Even in the homestretch, Seabrook reactor faces formidable obstacles

After 40 million man-hours of labor, arrests of hundreds of anti-nuclear protesters, and a tenfold increase in cost, the on-again, off-again nuclear power plant project in Seabrook, N.H., is almost finished. But its future is still in doubt. Regulatory bodies in Massachusetts and Vermont have just joined Maine in dealing financing blows to the 16 utilities that own Seabrook 1. The reactor, though 86 percent complete and as little as 17 months from completion, is already five years behind schedule.

Several of the utilities have been on the edge of bankruptcy. One of them, a small Massachusetts utility that owns 1 percent of Seabrook, defaulted on its bimonthly payment to the project Wednesday. Seabrook's principal owner, Public Service Company of New Hampshire, plans to follow suit later this month unless state regulators allow the utility to tap into new sources of funds.

The moves threaten the byzantine network of regulatory and financial arrangements that has kept the project alive so far.

As construction activity at the Seabrook site itself finally hits the homestretch, the question is: Will Seabrook 1 squeeze through to completion, or will it be abandoned? Its sister reactor on the western flank of Hampton-Seabrook harbor was scrapped last year, one-quarter of the way to completion.

``There is absolutely no question that Seabrook will be up and running,'' says Edward Brown, director of the Seabrook project. The plant passed a milestone early last month when it tested the reactor's cooling system, under budget and three months ahead of schedule.

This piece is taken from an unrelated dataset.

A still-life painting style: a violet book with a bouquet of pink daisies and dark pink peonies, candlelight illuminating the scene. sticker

Seabrook officials expect to be ready for a dry-run test of the entire plant system by December. They hope that by August of next year, Seabrook 1, with an estimated final price tag of $4.6 billion, will be ready to go.

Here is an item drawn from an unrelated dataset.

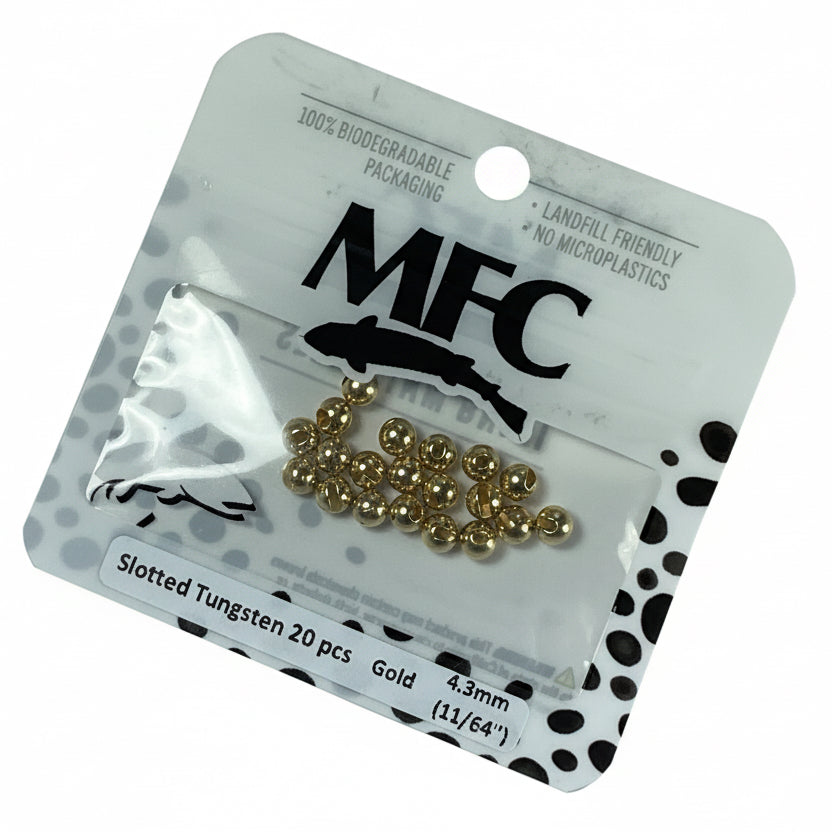 MFC - Slotted Tungsten Beads Gold 4.3mm (11/64)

Yet Seabrook officials are more optimistic than other observers. The Conservation Law Foundation, a Boston-based public-interest group, notes that several construction details have been held over to the last minute -- thus speeding up the timetable now, but possibly delaying completion down the road.

Armed with such details, along with opponents' predictions that the plant could not be finished before 1988, the Massachusetts Department of Public Utilities last month cited a ``reasonable possibility that the Seabrook 1 power plant will never be completed.'' It clamped severe restrictions on the ability of three utilities in the Seabrook project to issue new stocks or bonds to pay for the reactor. This month, Vermont utilities were ordered by the state's Public Service Board to sell their shares in Seabrook and push for the project's cancellation.

``It is time to cut our losses,'' a board statement said. Earlier this year, a similar order from Maine's public utilities commission was passed down to the three utilities in that state with a share in the Seabrook project.

It is not known yet whether any of these actions will deal a fatal blow to Seabrook. All are currently under appeal. Officials at New Hampshire Yankee, the company charged with Seabrook's completion, insist that even if some of the appeals fail, enough funds exist in various Seabrook escrow accounts to tide the project over -- assuming it stays on schedule.

Supporters of the project say that if current trends continue, New England will need the 1,150 megawatts of power provided by Seabrook 1. Alternative sources, notably hydropower from Quebec, will not be enough to fill the void left by an incomplete Seabrook, they say.

But the cost of Seabrook power will not be cheap. Estimates of consumer costs vary widely, but it is generally agreed that Seabrook power will be the most expensive in New England. Critics point to several cheaper energy alternatives, coal and natural gas among them, that they say would render the Seabrook option obsolete.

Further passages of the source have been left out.